Thirty-six people working for ING Investment Management will lose their jobs at the end of the month following the takeover by UBS Global Asset Management (Australia) Ltd., say two people familiar with the matter.
The 36 people will leave ING Investment Management by September 30, say the sources, who spoke on condition of anonymity. UBS will formally take control of ING Investment Management on October 4. ING Investment currently employs 120 people.
“There are a lot of cost pressures in the UBS business,” says one of the sources, referring to the $2.3 billion trading loss suffered by the bank. “The drive is to increase scale without increasing costs.”
UBS declined to comment.
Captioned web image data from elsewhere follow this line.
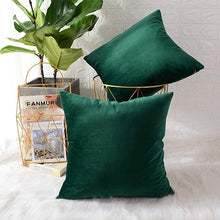 Carregar imagem no visualizador da galeria, Velvet Cushion Covers
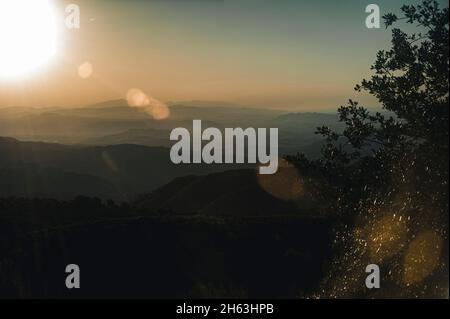 randonnée à mirador de luis ceballos pour trouver le meilleur endroit pour profiter du soleil spectaculaire dans le parc national de la sierra de las nieves, près de yungquera, andalousie, espagne Banque D'Images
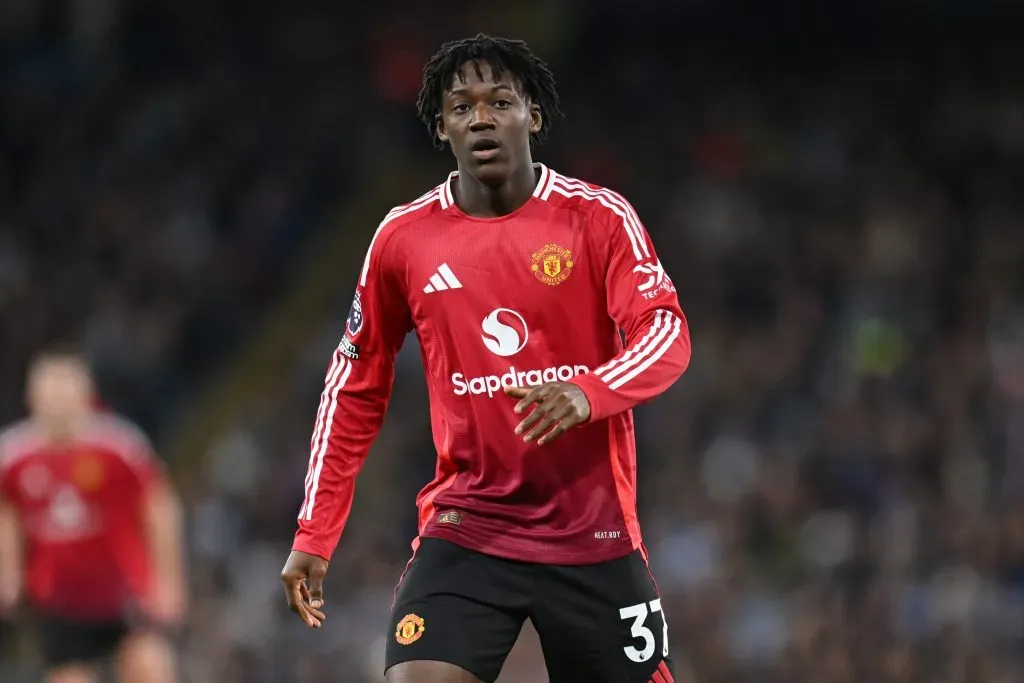 Kobbie Mainoo em campo pelo Manchester United (Photo by Michael Regan/Getty Images)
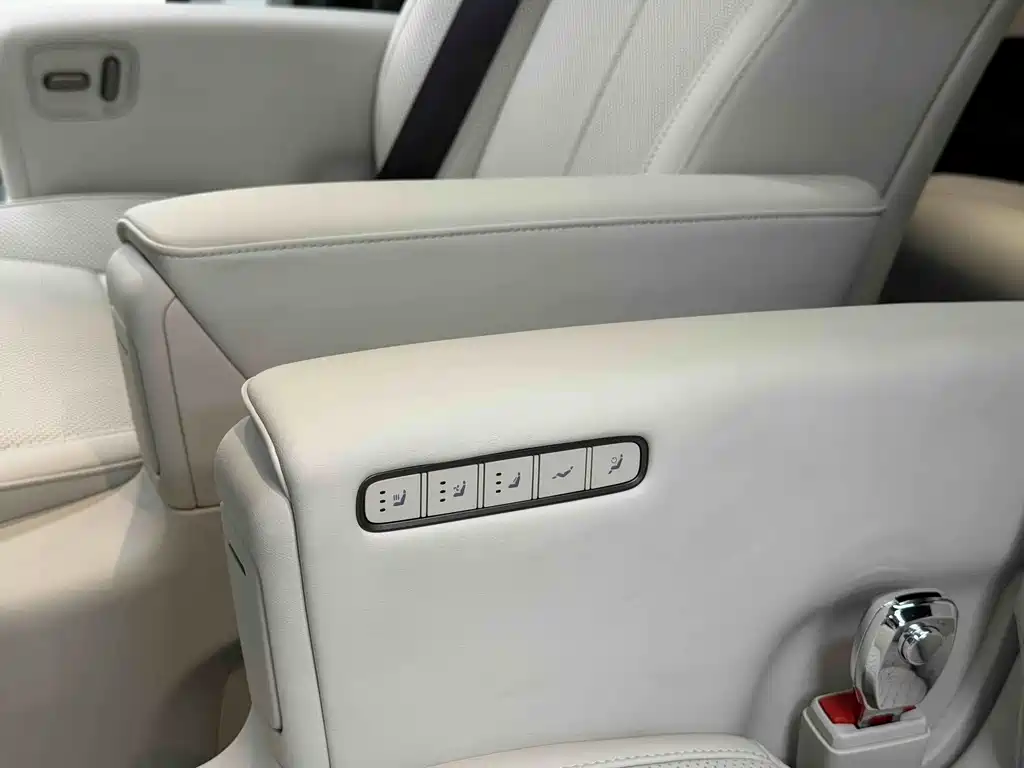 Li Auto MEGA 2025 Home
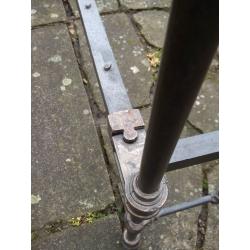 GENUINE BRASS AND BLACK IRON 4FT BED 1940-50 ERA VVGC, 4X CASTERS, LACED SPRINGS ON BLACK IRON FRAME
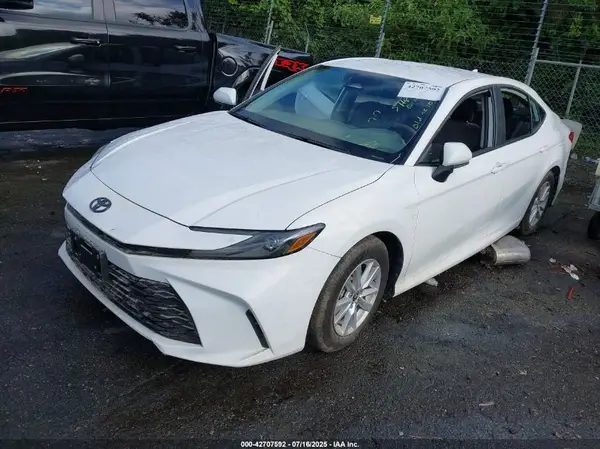 4T1DAACK4SU041207 2025 TOYOTA CAMRY - Image 2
Ben Heap, head of UBS Global Asset Management (Australia) Ltd., said in July it was unlikely that all ING Investment staff would join UBS but that retaining key personnel was “critical”.
UBS purchased ING Investment because of its relationship with Australian individual investors – a market the Zurich-based UBS is yet to crack.
ING Investment manages about $34 billion, of which about $29 billion is sourced from ANZ, mostly from individual investors.
Some in the ING investment team are weighing whether to start their own business, says one of the sources. UBS insists that the investment team will stay at the integrated firm with the ING Investment team managing money for its existing clients and UBS Asset Management managing money for its existing customers.
By the first quarter next year the two investment teams will be integrated, says a source.
UBS has 90 investment management staff in Australia and New Zealand. The ING Investment Management takeover will bolster its funds under management to about $57 billion.